Goal of the exercise
Only lines containing the string "design" belong in the answer; find them in the records and copy them.

Study material
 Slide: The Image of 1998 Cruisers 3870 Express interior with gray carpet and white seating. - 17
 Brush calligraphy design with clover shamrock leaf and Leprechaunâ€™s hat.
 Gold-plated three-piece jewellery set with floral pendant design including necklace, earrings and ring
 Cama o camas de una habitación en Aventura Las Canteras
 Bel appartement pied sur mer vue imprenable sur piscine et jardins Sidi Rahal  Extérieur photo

* * *

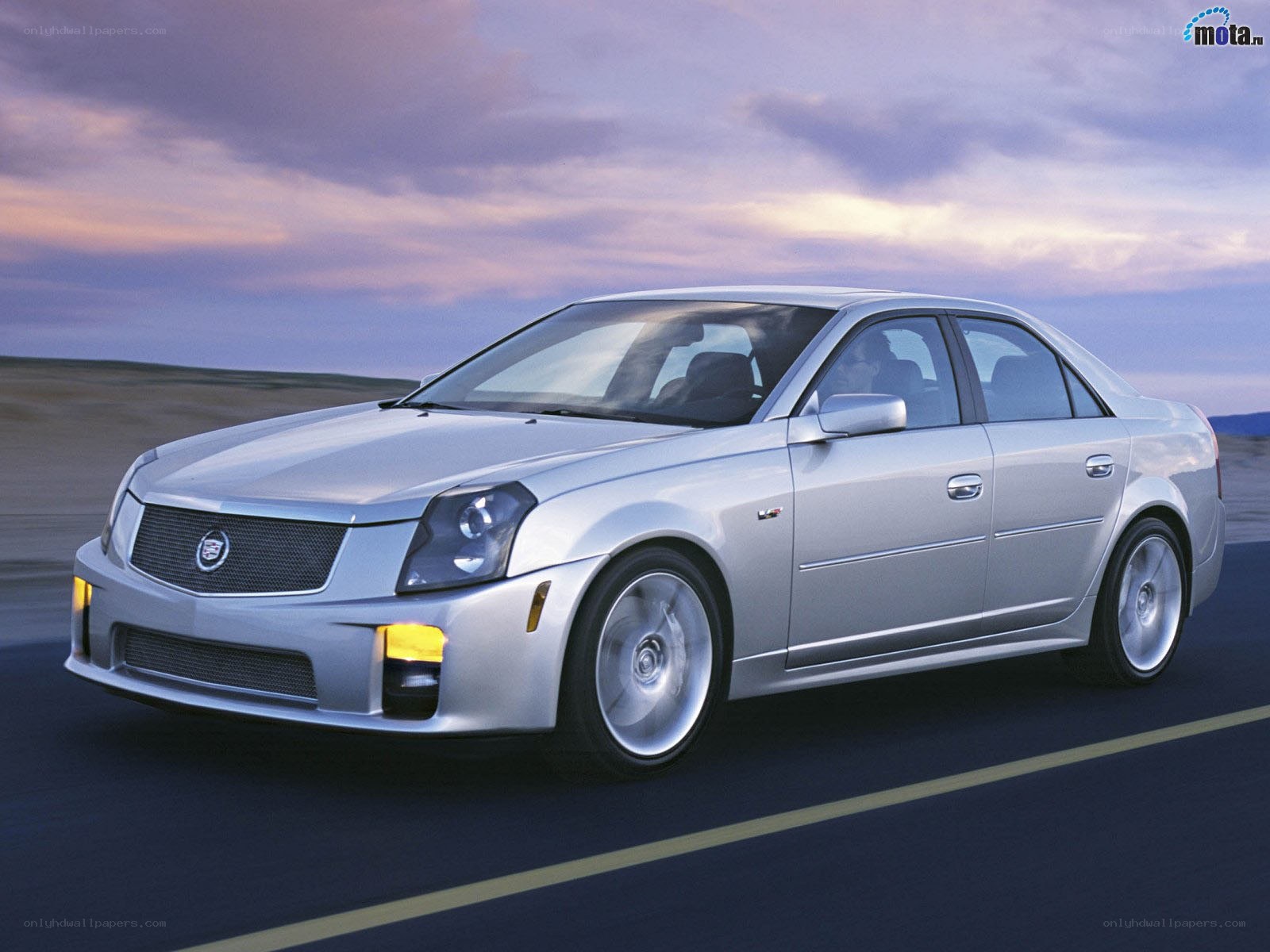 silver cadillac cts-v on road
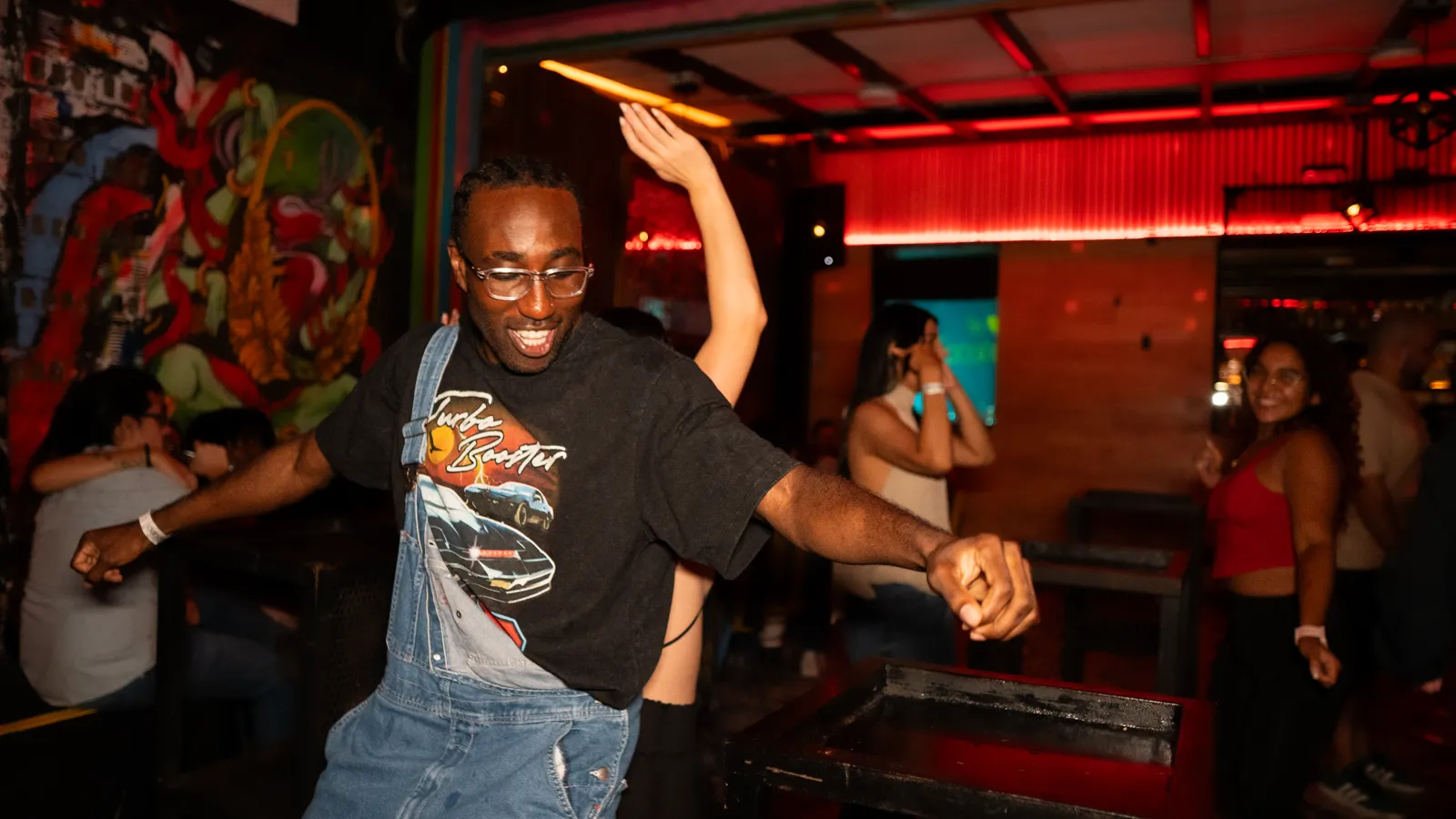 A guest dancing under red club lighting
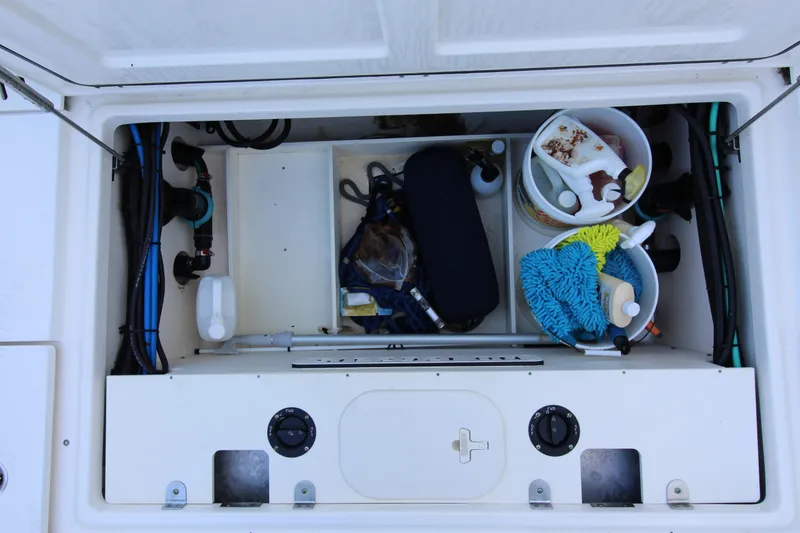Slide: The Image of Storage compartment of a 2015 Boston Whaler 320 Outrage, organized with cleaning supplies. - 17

Written answer
 Brush calligraphy design with clover shamrock leaf and Leprechaunâ€™s hat.
 Gold-plated three-piece jewellery set with floral pendant design including necklace, earrings and ring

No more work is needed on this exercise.